A line is a series of connected points existing in only one dimension, and that is more or less how we build our lives. We segment our days into parcels, points if you will, organized by our calendars. We move from one scheduled activity to the next, often with very little time for reflection or unstructured being. Our conviction that time is linear, unidirectional, and unceasing causes us to move through the world in a straight line, forward-focused, and goal-oriented with our eyes on the prize. We become the line that connects the points, pushing ourselves to jump from one thing to another, and exhausting ourselves.
As events and travel and meetings have dropped out, leaving big empty spaces in your schedule, have you also felt it? That time isn’t what we thought it was? My mind keeps drifting back, to my own ancestors many generations ago, and all the indigenous peoples who tended our great green Earth since humanity was a thing. They lived in a circular way, intimate with the turning of the seasons, the waxing and waning of the moon. If you take a tiny segment of a circle, it looks like a line. But these wise ones backed way up, took in the whole view, and understood the cyclical nature of time. A drought and subsequent famine, although dire, may not have necessarily pointed a straight line to unavoidable disaster or end of times. It may have been understood as a dip in a cycle comprised of dozens, perhaps hundreds of years.
Some of this cyclical understanding of time has survived, preserved in our manners of speech. We talk about rhythm, and ebb and flow. These terms depict a moving expression that changes direction, that is fluid and undulating. But we so rarely live that way, largely because our linear schedules are the containers for our lived experiences. Now that my schedule has become less like a drum and bass track and more like an ambient Enya song, that liminal, timeless space has felt more available. Whole swaths of my life are reappearing in my awareness as if they were yesterday, with detailed access to my actual lived experience at those times. Relationships with loved ones are feeling less like a series of disparate conversations, and more like living, breathing life forms that stretch forward and backwards in time. I’ve had many moments of “forgetting” where I am in time (“What day is it again?”), and in those moments the falsity and utter made-upness of our calendar is palpable.

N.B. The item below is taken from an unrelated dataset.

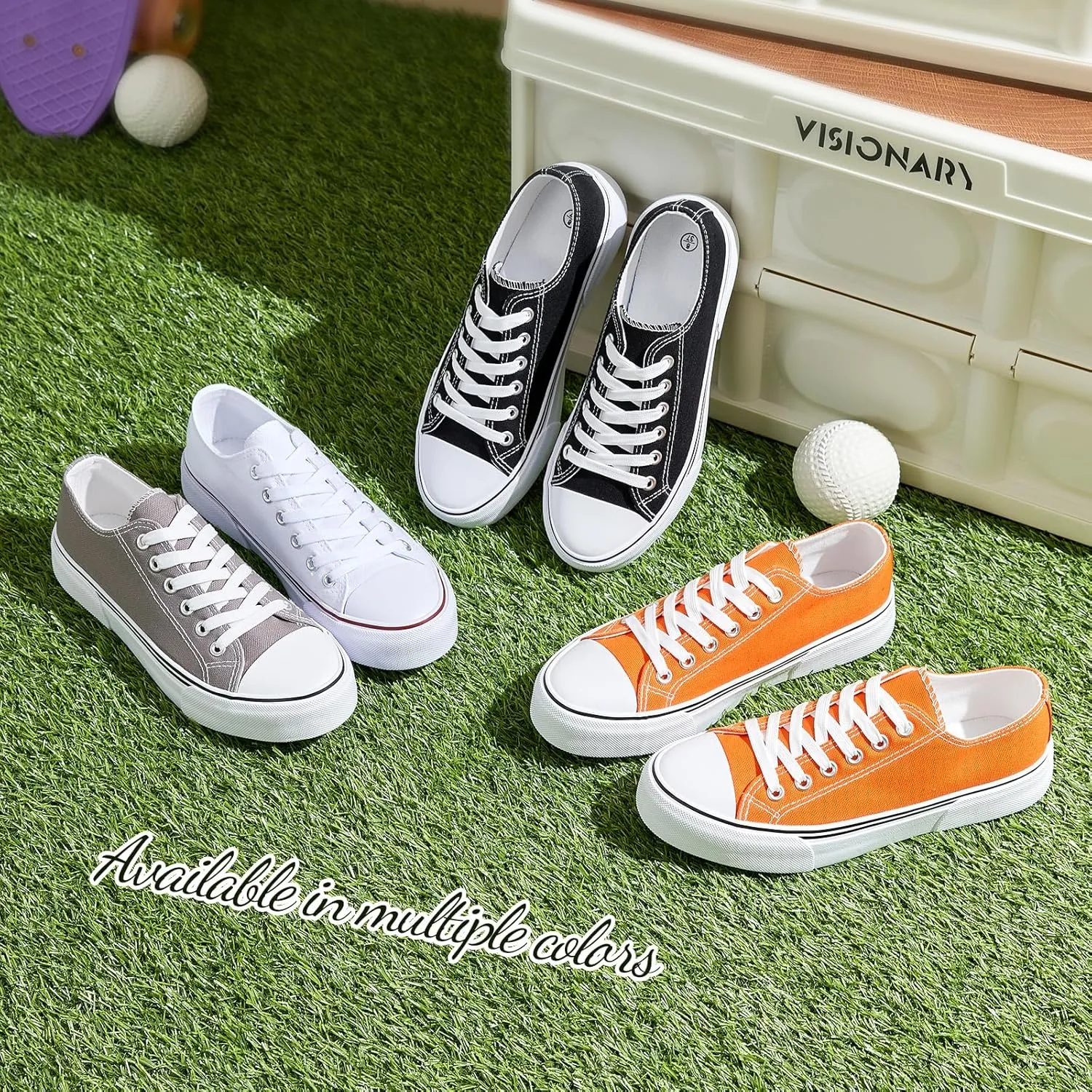 Fashion Comfortable Walking Shoes Adokoo Canvas Tennis Shoes for Women Low Top consolidation rental Casual White Black Sneakers for Women Lace Up 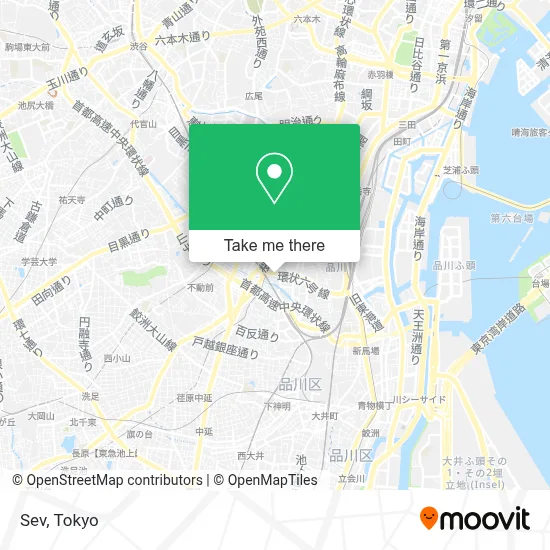 Sev map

I’m surprised by how a relatively brief break in routine can reveal the malleability of time. In a way it is comforting to know that this grand edifice we as humans have created to fend off the expansiveness of Reality begins to go transparent after just a month of withdrawing participation. I wonder what the future would look like if we embraced the omnidirectionality of time, if we looked to indigenous time keepers and our own, encumbered experience instead of the digital clock face on our phones. I have a feeling it would be wilder, freer, and way more fun.